Und dann ist da auch noch die Sache mit der Cloud. Was mir als großer Vorteil angepriesen wird, ist mir einfach zu… larifari, zu schwindelig. Vielleicht bin ich paranoid, aber ich will meine Manuskripte nicht irgendwo in der Datenwolke abgespeichert haben. Zwar wird in den FAQ von Astrohaus beschrieben, dass es einen „clumsy“ (würde ich mal mit umständlich/ungeschickt übersetzen) Weg gibt, die Daten auf den Computer zu übertragen, aber der Weg über die Wolke ist anscheinend der bevorzugte Abspeicherungsvorgang von Leeb und Paul.
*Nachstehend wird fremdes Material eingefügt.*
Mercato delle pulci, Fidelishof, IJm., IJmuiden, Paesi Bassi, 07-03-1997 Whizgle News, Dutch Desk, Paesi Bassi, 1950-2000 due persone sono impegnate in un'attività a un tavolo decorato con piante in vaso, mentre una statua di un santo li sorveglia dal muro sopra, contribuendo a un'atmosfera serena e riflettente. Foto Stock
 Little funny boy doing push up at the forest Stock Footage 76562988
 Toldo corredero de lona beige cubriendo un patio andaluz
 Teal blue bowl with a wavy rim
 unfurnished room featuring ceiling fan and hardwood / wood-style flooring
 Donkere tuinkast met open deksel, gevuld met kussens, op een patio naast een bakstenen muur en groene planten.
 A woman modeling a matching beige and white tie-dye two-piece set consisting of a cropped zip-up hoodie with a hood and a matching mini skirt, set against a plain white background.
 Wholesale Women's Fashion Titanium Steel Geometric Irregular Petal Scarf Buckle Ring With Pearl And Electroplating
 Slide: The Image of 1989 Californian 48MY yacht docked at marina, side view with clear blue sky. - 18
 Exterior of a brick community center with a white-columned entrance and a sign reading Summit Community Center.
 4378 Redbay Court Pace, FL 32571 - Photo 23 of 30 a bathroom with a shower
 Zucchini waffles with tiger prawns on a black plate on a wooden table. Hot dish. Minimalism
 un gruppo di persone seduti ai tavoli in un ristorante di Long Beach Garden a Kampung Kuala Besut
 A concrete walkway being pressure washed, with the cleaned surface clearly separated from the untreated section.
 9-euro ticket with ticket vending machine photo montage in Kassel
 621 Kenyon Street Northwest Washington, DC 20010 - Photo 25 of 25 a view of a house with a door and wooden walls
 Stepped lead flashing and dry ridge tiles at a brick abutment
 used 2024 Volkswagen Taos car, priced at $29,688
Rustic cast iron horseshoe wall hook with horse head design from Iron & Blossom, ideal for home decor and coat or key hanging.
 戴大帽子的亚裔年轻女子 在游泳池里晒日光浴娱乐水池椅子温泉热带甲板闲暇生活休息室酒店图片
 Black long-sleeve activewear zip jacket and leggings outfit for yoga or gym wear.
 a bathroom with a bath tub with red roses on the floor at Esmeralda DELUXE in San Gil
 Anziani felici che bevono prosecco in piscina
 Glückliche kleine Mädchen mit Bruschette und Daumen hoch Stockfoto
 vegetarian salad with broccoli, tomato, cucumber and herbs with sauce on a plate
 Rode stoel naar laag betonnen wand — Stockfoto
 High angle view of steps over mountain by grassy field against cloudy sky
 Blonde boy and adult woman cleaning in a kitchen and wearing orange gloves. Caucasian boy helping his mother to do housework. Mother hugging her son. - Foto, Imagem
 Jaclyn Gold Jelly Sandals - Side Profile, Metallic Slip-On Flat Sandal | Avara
Und die Leichtigkeit, wie schnell das Synchronisieren der Dateien geht, wie in dem unten angeführten Video demonstriert wird, ist nichts für mich. Ich merke, ich bin nicht in der Materie drinnen, brauche Zeit, um das zu behirnen. Und dann kommt jemand und sagt: „Ach geh, das ist doch simpel. Einfach so, so und so – und schon ist es fertig“ – während ich geistig noch versuche, die Ordner zu identifizieren.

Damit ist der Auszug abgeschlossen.